:: Records for the exercise ::

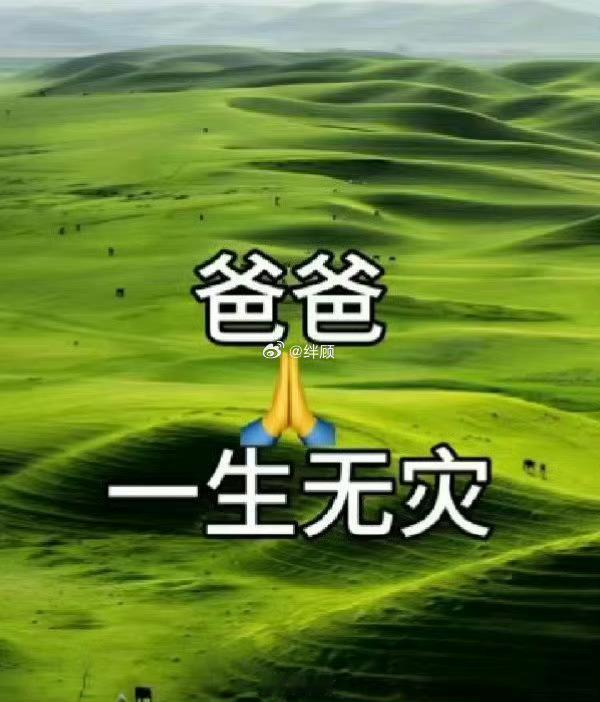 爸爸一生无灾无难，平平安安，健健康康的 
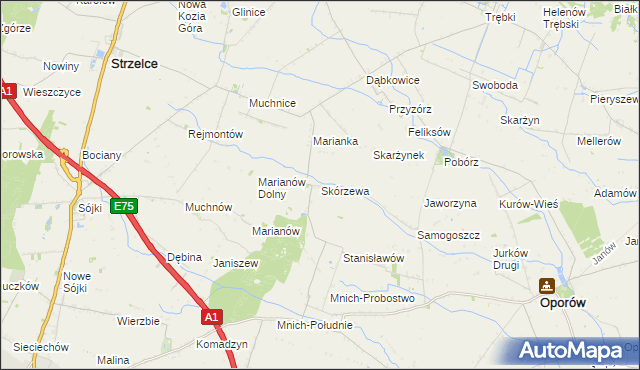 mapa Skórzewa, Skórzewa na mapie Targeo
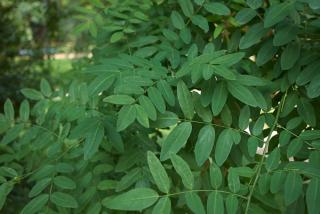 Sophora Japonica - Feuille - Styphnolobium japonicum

:::
:: Records for the exercise ::

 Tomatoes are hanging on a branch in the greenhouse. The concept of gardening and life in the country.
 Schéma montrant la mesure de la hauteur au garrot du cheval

:::

Work required: Looking above, find the stretch of lines that opens with the one holding "爸爸一生无灾无难，平平安安，健健康康的" and closes with the one holding "Sophora Japonica - Feuille". Copy it exactly, pictures excluded.

Task result:
 爸爸一生无灾无难，平平安安，健健康康的 
 mapa Skórzewa, Skórzewa na mapie Targeo
 Sophora Japonica - Feuille - Styphnolobium japonicum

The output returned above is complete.